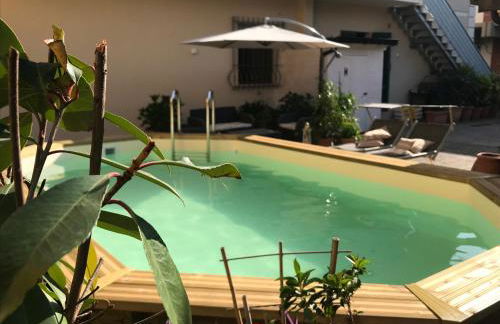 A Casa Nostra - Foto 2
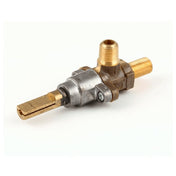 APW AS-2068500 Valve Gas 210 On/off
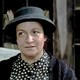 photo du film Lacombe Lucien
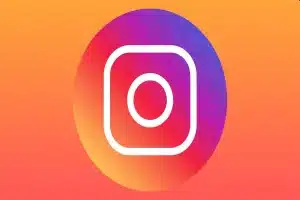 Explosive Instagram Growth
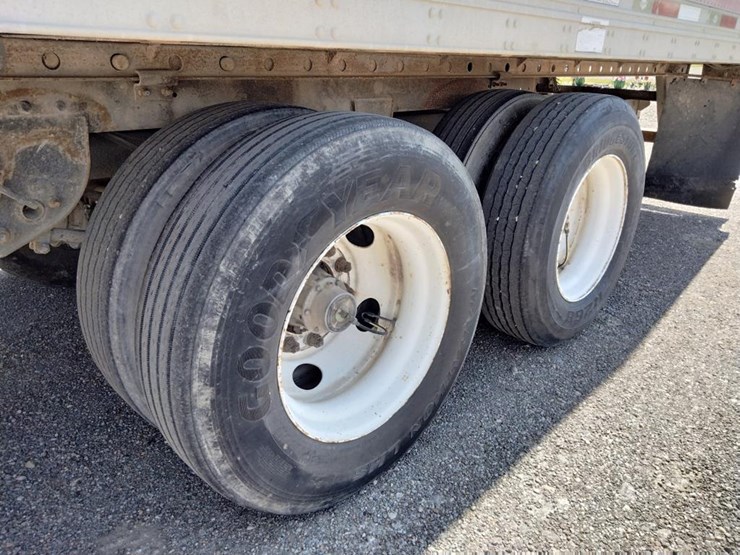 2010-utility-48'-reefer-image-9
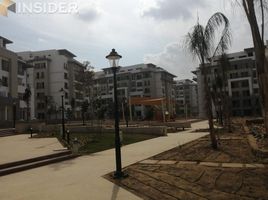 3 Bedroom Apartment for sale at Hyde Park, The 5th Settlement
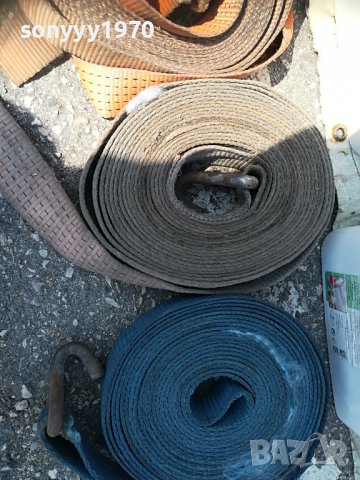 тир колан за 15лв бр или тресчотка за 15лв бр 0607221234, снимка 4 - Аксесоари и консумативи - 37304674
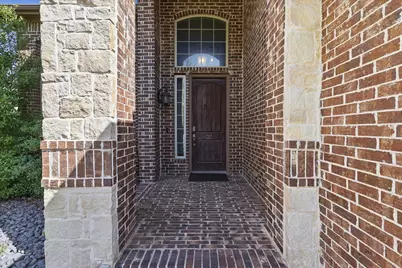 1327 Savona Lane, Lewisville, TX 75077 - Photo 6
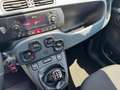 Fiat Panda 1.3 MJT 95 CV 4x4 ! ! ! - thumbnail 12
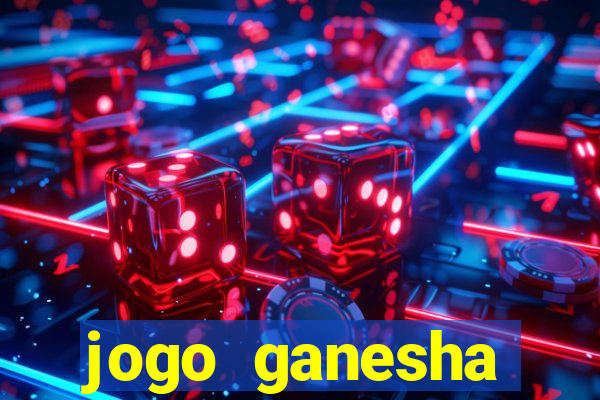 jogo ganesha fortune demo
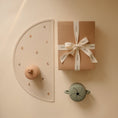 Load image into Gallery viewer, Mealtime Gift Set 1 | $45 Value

-=-=-

> Activity:
Starting from the line where "jogo ganesha fortune demo" appears, copy every line through the end of the material, both ends included, but no pictures.

> Solution for this problem:
 jogo ganesha fortune demo
 Load image into Gallery viewer, Mealtime Gift Set 1 | $45 Value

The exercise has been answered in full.